▸ What you have to do
Wherever the line that contains "Press and hold" falls, repeat it and the lines after it exactly until the records end, without any pictures.

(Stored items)
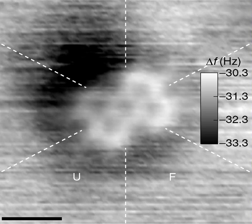Some of the largest molecules are macromolecules or supermolecules. The smallest molecule is the diatomic hydrogen, with a bond length of 0.74 angstroms. Effective molecular radius is the size a molecule displays in solution. The table of permselectivity for different substances contains examples.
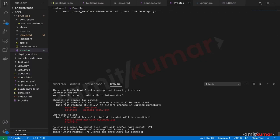Let us add the build spec file before we do the git commit or git push, because if we have to build using CodeBuild we will need the build spec file. We can use the exact same build spec file that we used last time with just one small change.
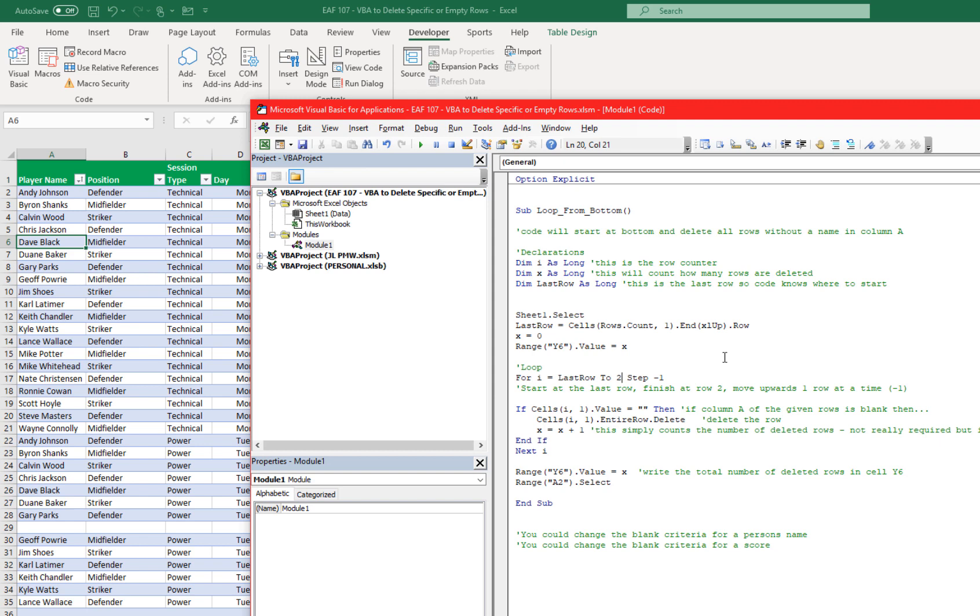The step minus 1 means that it decreases by 1 each time it runs the loop. So it starts at row 3,500 then 3,499 and so on. So the step minus 1 is simply the fact that it's going backwards.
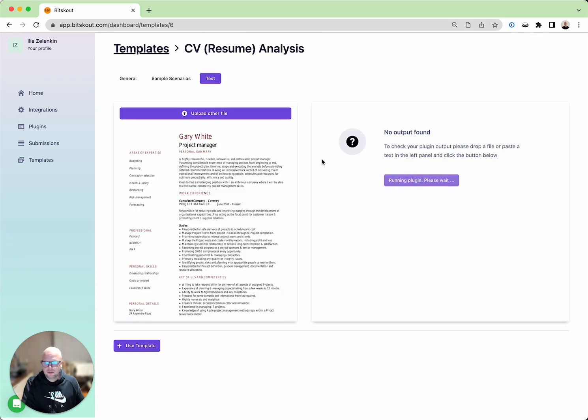You can run it and you will see which fields we extract and how the information looks like.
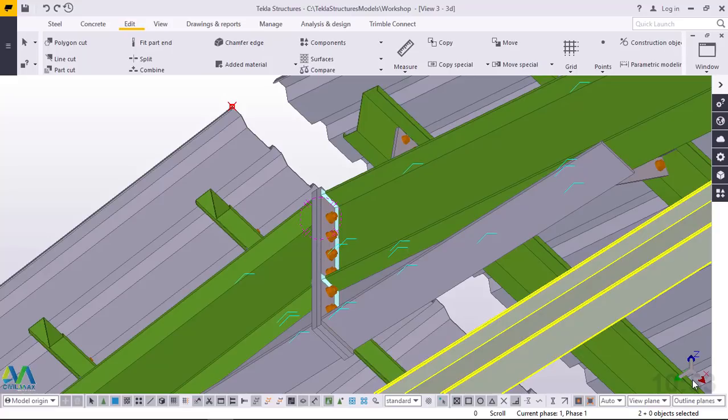Hello, welcome to this tutorial. Today I'm going to show you how to create your own Tekla Structures keyboard shortcuts. Remember, using keyboard shortcuts can really enhance your speed in modelling and also productivity.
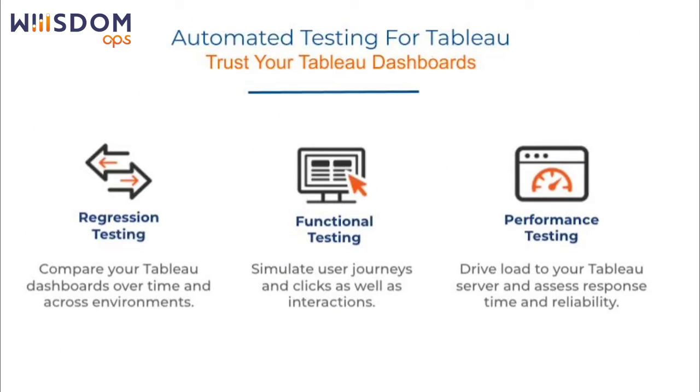Welcome to Wisdom Ops. Wisdom Ops provides a comprehensive automated test framework for your Tableau dashboards. Today we will look at regression testing.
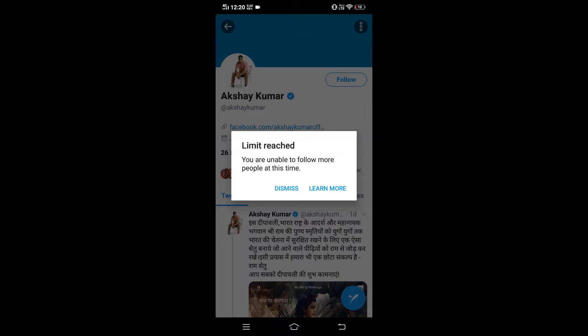So how do you solve this error? I think this can be solved by simply doing nothing on your account for one hour — just keeping your account idle for one hour without any activity. After that your account becomes normal and you can easily follow others again.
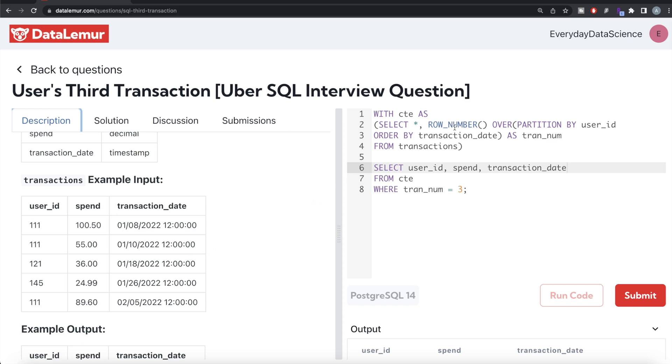Once you have the information with the different transaction numbers, you can only keep those rows where transaction_number is equal to three and return the desired output. This is how we do it.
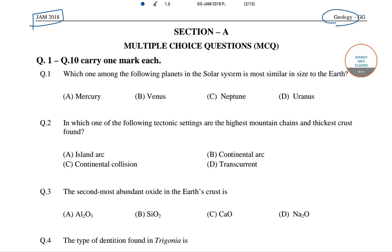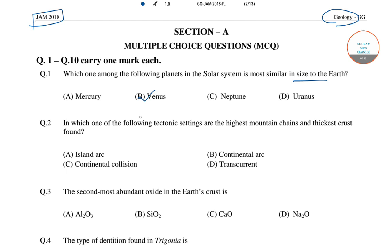The question is: which of the following planets in the solar system is most similar in size to Earth? The correct answer is Venus. It is very similar to Earth in terms of size, average density, mass, and surface gravity. So the correct answer of this question is option number B, that is Venus.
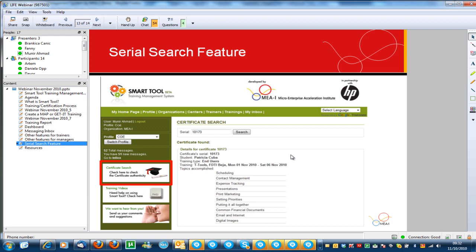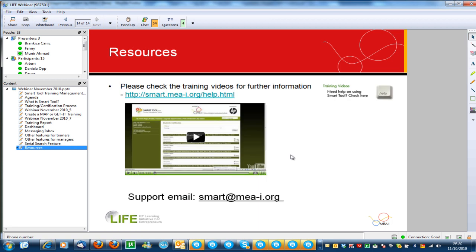Smart Tool is now available in English and we also provided a Google Translate widget on the right side of the platform — you can see the Google logo and a Select Language button. This allows you to translate Smart Tool in real time into any of the 52 languages that Google supports. The translation is not perfect and we are working on adding real proofread translations, but for now you can still use it with the Google Translate option.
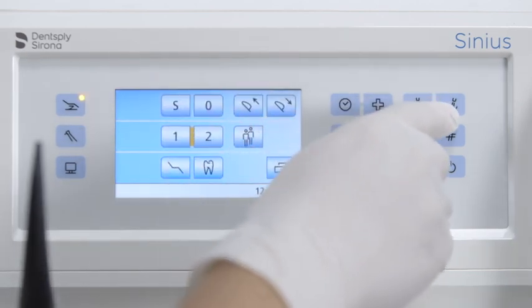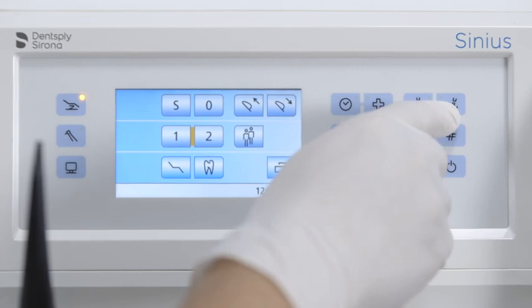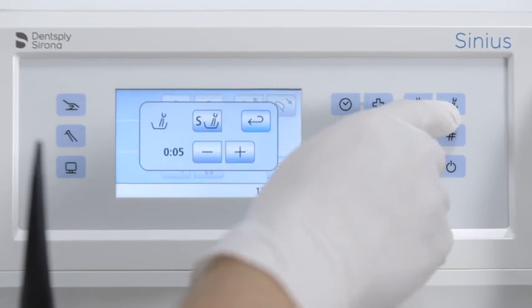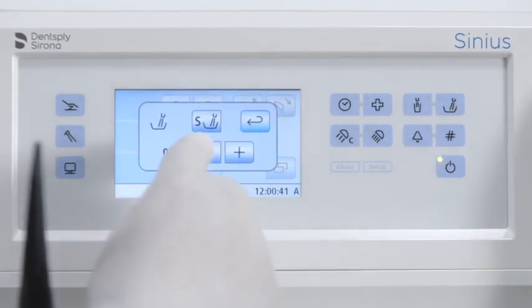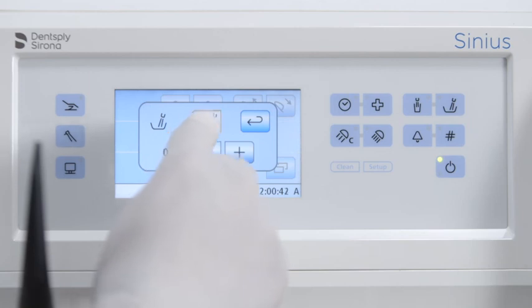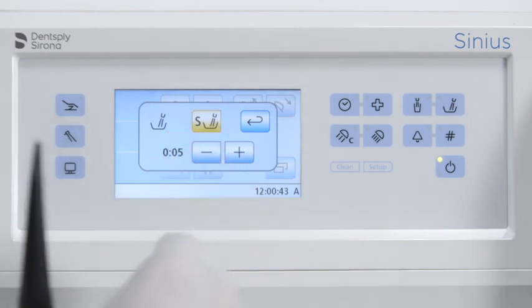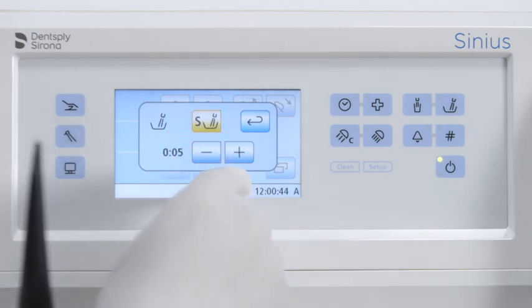Press and hold the cuspidor flushing button to go to the sub-screen. You can link the rinsing quantity of the cuspidor to the rinsing position button and set the flushing time here.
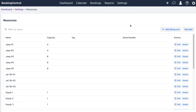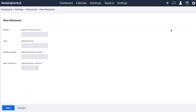Let's add a resource. To get started, select add resource, enter the name of your resource, add an optional tag or serial number, as well as an optional max number of persons that can fit in the resource.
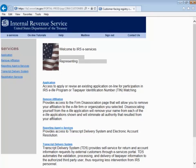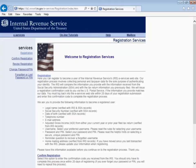Please click on the link on the left-hand side titled Registration Services. On the next page, there will be a link that's second from the top on the left-hand side labeled Confirm Registration. Click on that link.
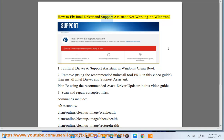How to fix Intel Driver and Support Assistant not working on Windows. Step 1: Run Intel Driver and Support Assistant in Windows clean boot.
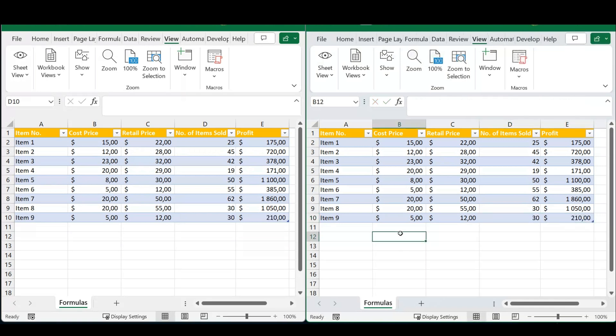It doesn't matter which sheet you're working in—the important part is that you can fill in data simultaneously. This is a brilliant trick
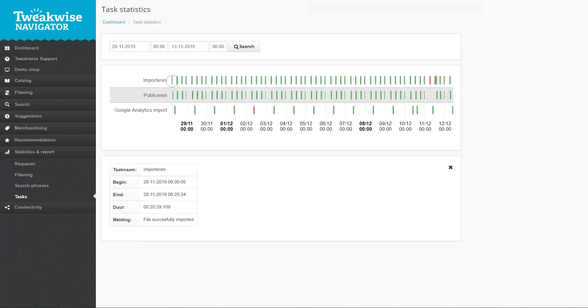You can see when it started, when it ended, how long it took, and if there were any issues.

▸ Exercise response
Press and hold the cuspidor flushing button to go to the sub-screen. You can link the rinsing quantity of the cuspidor to the rinsing position button and set the flushing time here.
Let's add a resource. To get started, select add resource, enter the name of your resource, add an optional tag or serial number, as well as an optional max number of persons that can fit in the resource.
Please click on the link on the left-hand side titled Registration Services. On the next page, there will be a link that's second from the top on the left-hand side labeled Confirm Registration. Click on that link.
How to fix Intel Driver and Support Assistant not working on Windows. Step 1: Run Intel Driver and Support Assistant in Windows clean boot.
It doesn't matter which sheet you're working in—the important part is that you can fill in data simultaneously. This is a brilliant trick
You can see when it started, when it ended, how long it took, and if there were any issues.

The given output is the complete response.